The primary purpose of bone marrow examination in ITP diagnosis is to rule out diseases other than ITP. Although bone marrow examination has indisputably played a role in differentiating ITP from diseases such as MDS and aplastic anemia, recent studies have claimed that bone marrow examination is unnecessary in this regard [123,124,125,126]. Guidelines and consensus reports have also stressed that bone marrow examination is unnecessary [127, 128]. However, bone marrow examination has been conventional until now, with 50% of examinations reported to have been unnecessary [129]. There are no bone marrow findings unique to ITP; increased megakaryocytes, which are considered characteristic of ITP, are observed in only 25% of cases; and the sensitivity and specificity of bone marrow examination in ITP diagnosis are considered to be 24% and 90%, respectively [130]. Bone marrow examination may be necessary for circumstances such as the following: abnormal hematological findings other than thrombocytopenia (including smear findings), splenomegaly, lymphadenopathy, advanced age (≥60 or ≥65 years), treatment refractoriness, and planned use of TPO receptor agonists [131]. Although criteria for assessing abnormal hematological findings are lacking in evidence, potential criteria include the following: anemia, morphological abnormalities of blood cells, the appearance of immature leukocytes, abnormal leukocyte count, abnormal neutrophil ratio or lymphocyte ratio, and high MCV. The present diagnosis reference guide also recommends bone marrow examination when the above findings are observed. In actual bone marrow examinations, factors such as nucleated cell count, megakaryocyte count, morphological abnormalities in all three lineages of blood cells, B cell and T cell clonality, and chromosomal abnormalities should be examined. At present, the indication for bone marrow examination might be difficult to determine based on the proposed diagnostic markers (immature platelet fraction and plasma TPO level). However, we assume that our proposed diagnostic markers would contribute to the more accurate diagnosis of ITP, which would make bone marrow examination less frequent.

  1. d)

    Other tests (Ig quantitation, antiphospholipid antibodies, thyroid-related tests, antinuclear antibodies, and DAT)

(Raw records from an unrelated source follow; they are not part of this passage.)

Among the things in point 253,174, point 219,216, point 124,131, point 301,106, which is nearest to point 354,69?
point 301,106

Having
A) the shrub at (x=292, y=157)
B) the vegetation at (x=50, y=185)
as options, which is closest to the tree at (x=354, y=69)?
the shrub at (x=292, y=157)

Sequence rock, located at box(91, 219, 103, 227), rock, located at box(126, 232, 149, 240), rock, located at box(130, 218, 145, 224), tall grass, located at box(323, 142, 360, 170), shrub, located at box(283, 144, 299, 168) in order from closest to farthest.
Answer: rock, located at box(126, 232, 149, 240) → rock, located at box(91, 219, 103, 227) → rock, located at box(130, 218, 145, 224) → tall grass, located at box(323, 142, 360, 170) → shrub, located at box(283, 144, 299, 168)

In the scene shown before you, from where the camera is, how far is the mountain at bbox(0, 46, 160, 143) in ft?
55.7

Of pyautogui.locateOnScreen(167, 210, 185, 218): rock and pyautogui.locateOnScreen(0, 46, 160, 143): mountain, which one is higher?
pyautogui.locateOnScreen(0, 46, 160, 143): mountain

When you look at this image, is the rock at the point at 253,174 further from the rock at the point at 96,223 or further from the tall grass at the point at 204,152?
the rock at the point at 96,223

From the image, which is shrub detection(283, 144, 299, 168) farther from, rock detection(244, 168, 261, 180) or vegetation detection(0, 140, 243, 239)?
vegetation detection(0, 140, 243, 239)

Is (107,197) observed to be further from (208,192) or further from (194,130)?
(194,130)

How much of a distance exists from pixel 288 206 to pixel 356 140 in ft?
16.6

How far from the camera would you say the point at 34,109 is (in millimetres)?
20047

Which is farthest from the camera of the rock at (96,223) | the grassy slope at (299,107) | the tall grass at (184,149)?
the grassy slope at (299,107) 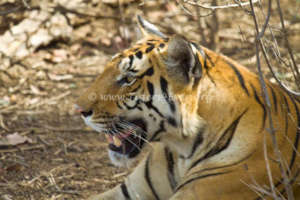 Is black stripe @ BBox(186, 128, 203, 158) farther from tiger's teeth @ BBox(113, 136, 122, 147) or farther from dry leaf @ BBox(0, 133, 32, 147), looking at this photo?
dry leaf @ BBox(0, 133, 32, 147)

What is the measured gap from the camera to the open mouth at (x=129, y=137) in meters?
2.45

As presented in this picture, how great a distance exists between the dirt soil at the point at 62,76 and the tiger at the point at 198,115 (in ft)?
0.70

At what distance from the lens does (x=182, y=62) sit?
7.33 feet

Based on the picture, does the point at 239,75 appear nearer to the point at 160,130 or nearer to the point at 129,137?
the point at 160,130

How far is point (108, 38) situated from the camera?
545 centimetres

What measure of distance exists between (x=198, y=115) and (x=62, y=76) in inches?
107

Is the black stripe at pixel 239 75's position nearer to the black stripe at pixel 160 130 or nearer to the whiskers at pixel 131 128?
the black stripe at pixel 160 130

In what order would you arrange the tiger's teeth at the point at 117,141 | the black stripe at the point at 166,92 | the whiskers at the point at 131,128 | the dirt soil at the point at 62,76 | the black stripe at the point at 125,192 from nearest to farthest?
1. the black stripe at the point at 166,92
2. the whiskers at the point at 131,128
3. the tiger's teeth at the point at 117,141
4. the black stripe at the point at 125,192
5. the dirt soil at the point at 62,76

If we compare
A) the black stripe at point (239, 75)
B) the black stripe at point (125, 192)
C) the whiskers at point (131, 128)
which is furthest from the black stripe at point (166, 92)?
the black stripe at point (125, 192)

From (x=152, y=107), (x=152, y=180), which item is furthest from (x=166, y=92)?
(x=152, y=180)

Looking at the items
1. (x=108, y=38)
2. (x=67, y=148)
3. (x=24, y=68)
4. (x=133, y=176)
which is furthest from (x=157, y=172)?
(x=108, y=38)

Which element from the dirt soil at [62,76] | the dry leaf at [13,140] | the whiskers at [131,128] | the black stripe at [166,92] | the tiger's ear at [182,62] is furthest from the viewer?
the dry leaf at [13,140]

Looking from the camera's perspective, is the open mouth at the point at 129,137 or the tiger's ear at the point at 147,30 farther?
the tiger's ear at the point at 147,30

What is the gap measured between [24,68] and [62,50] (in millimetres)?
515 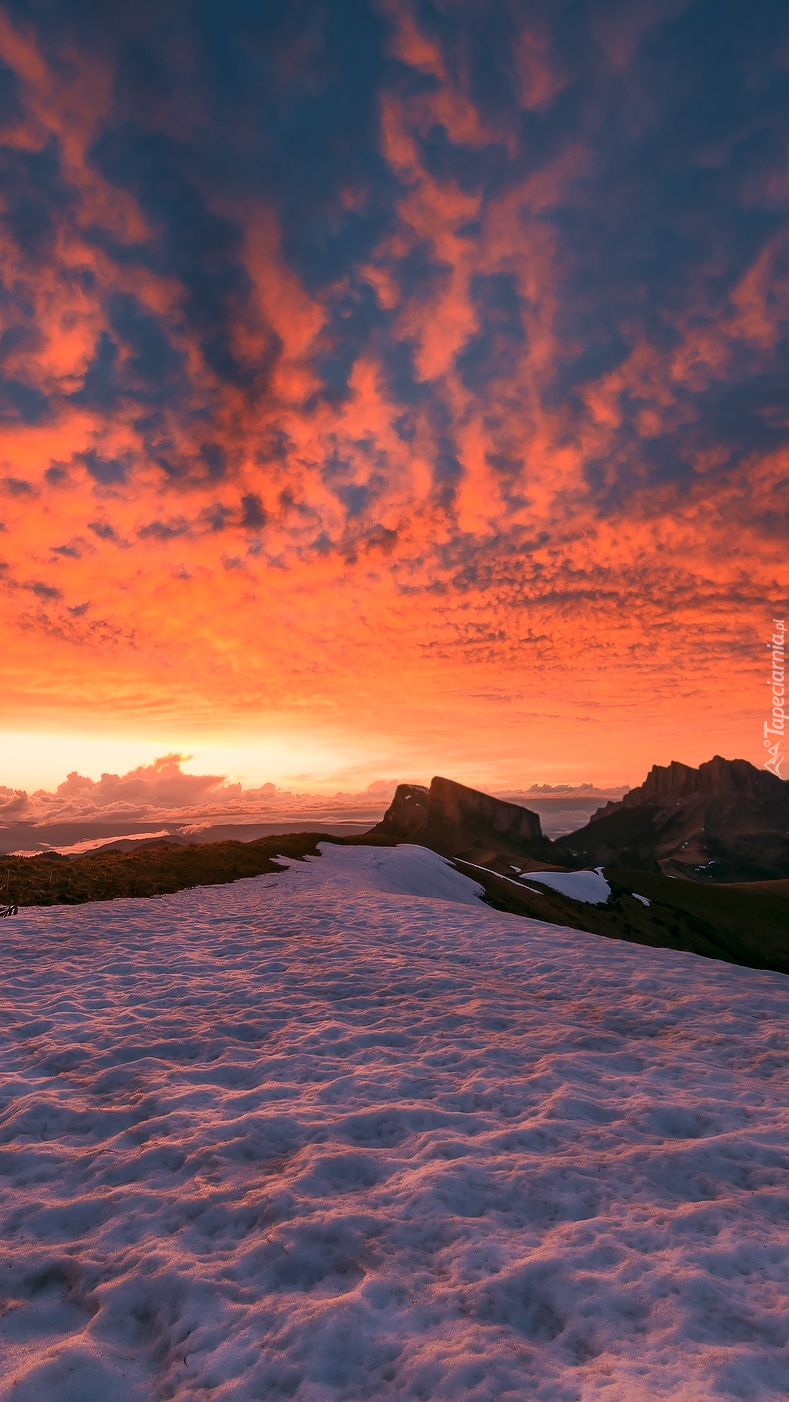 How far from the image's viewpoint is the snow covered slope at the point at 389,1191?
4535 millimetres

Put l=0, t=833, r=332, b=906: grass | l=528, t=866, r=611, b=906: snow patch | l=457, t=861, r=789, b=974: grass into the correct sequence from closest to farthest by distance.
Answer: l=0, t=833, r=332, b=906: grass
l=457, t=861, r=789, b=974: grass
l=528, t=866, r=611, b=906: snow patch

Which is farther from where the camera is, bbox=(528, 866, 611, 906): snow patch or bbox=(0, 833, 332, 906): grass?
bbox=(528, 866, 611, 906): snow patch

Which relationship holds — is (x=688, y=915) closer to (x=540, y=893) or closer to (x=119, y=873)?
(x=540, y=893)

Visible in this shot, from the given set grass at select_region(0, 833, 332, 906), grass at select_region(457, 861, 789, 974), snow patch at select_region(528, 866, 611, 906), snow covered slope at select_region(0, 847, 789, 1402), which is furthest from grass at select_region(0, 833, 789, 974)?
snow covered slope at select_region(0, 847, 789, 1402)

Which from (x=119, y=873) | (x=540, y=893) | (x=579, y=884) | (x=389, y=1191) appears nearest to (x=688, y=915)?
(x=579, y=884)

Due to potential comorbid common variable immunodeficiency, IgG, A, and M should be quantitated as part of testing for ITP [128]. Results for anti-cardiolipin antibodies, lupus anticoagulant, and other antiphospholipid antibodies are positive in 25− 30% of patients with ITP [132,133,134]. Immunoglobulins should be quantitated before using TPO receptor agonists or similar agents to assess the risk of thrombosis. A positive result for antinuclear antibodies suggests the possibility of chronic or secondary ITP [135, 136]. Tests for antithyroid antibodies and thyroid dysfunction should also be performed because these are often present in patients with ITP [137]. The possibility of comorbid autoimmune hemolytic anemia (Evans syndrome) should also be considered in direct Coombs testing.

Conclusion

Measurement of the combination of immature platelet fraction and plasma TPO level in appropriate cases enable clear differentiation of ITP from hypoplastic thrombocytopenia, which has sometimes been difficult in the past. However, it remains crucial to rule out many other diseases by several screening examinations. Further evaluation of the validity of our diagnostic criteria is necessary.